#### [Aim of the exercise]
With pictures left out, output exactly the lines from the line holding "Valentina_blondell19's Streamate show" through the end of the data, both included.

#### [Data shown]
▬▬▬▬▬▬▬▬▬▬

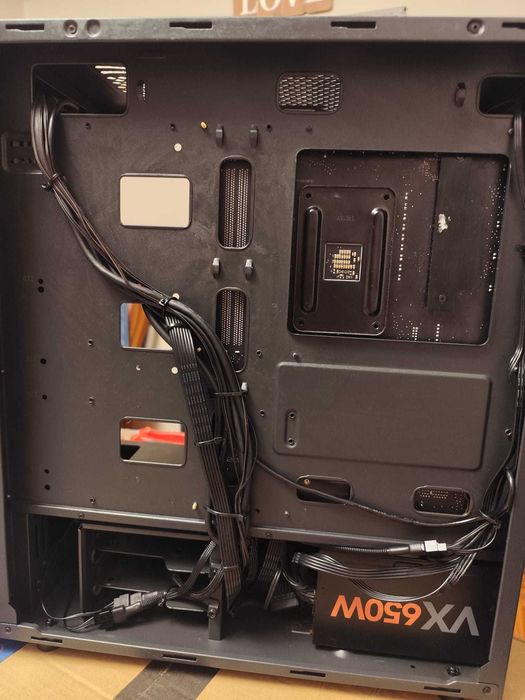 Computador Ryzen 5 5600 + 16GB ddr4 3200Mhz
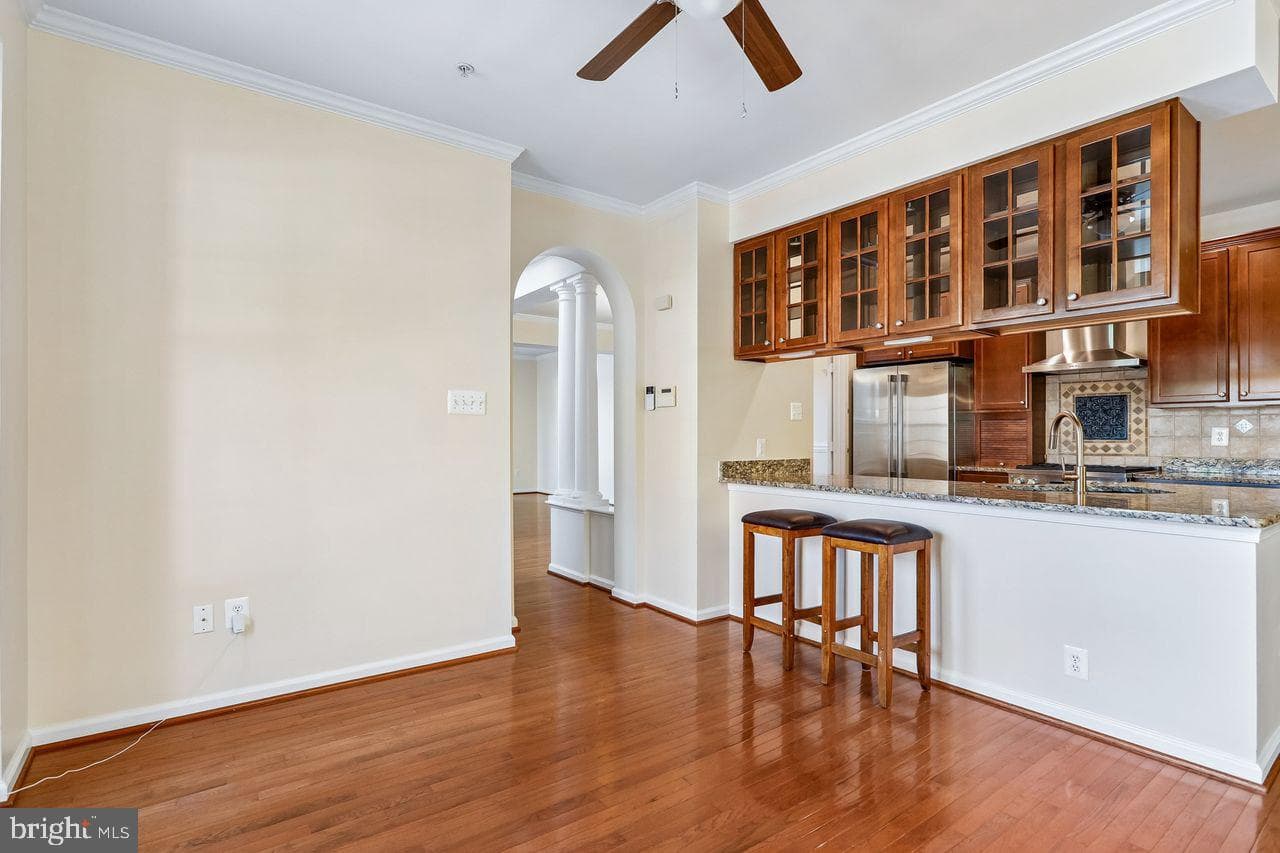 2531 Island Grove Boulevard photo 4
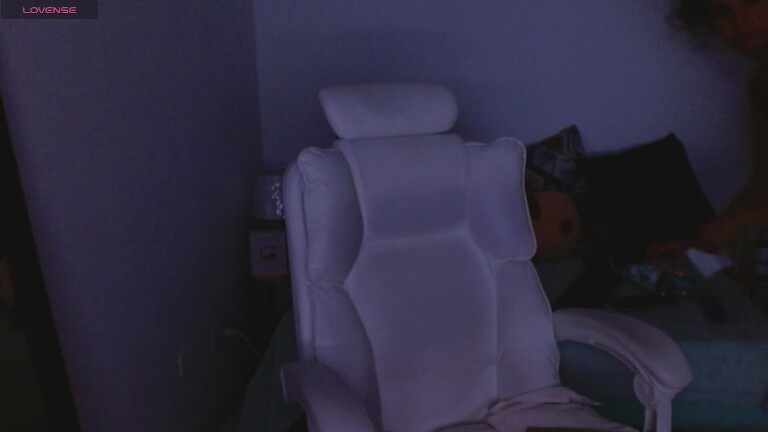 Valentina_blondell19's Streamate show and profile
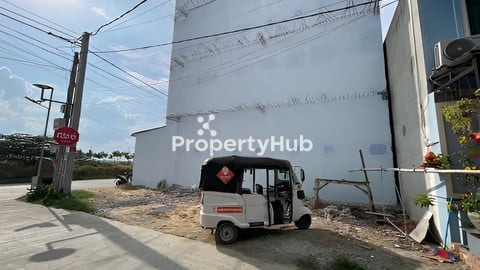 ដីកែង​ជាប់​ផ្លូវរដ្ឋ​ ជិត​ផ្ទះ​ឈូកវ៉ា​1​ លក់​បន្ទាន់​ ប្លង់​រឹង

▬▬▬▬▬▬▬▬▬▬

#### [Worked solution]
 Valentina_blondell19's Streamate show and profile
 ដីកែង​ជាប់​ផ្លូវរដ្ឋ​ ជិត​ផ្ទះ​ឈូកវ៉ា​1​ លក់​បន្ទាន់​ ប្លង់​រឹង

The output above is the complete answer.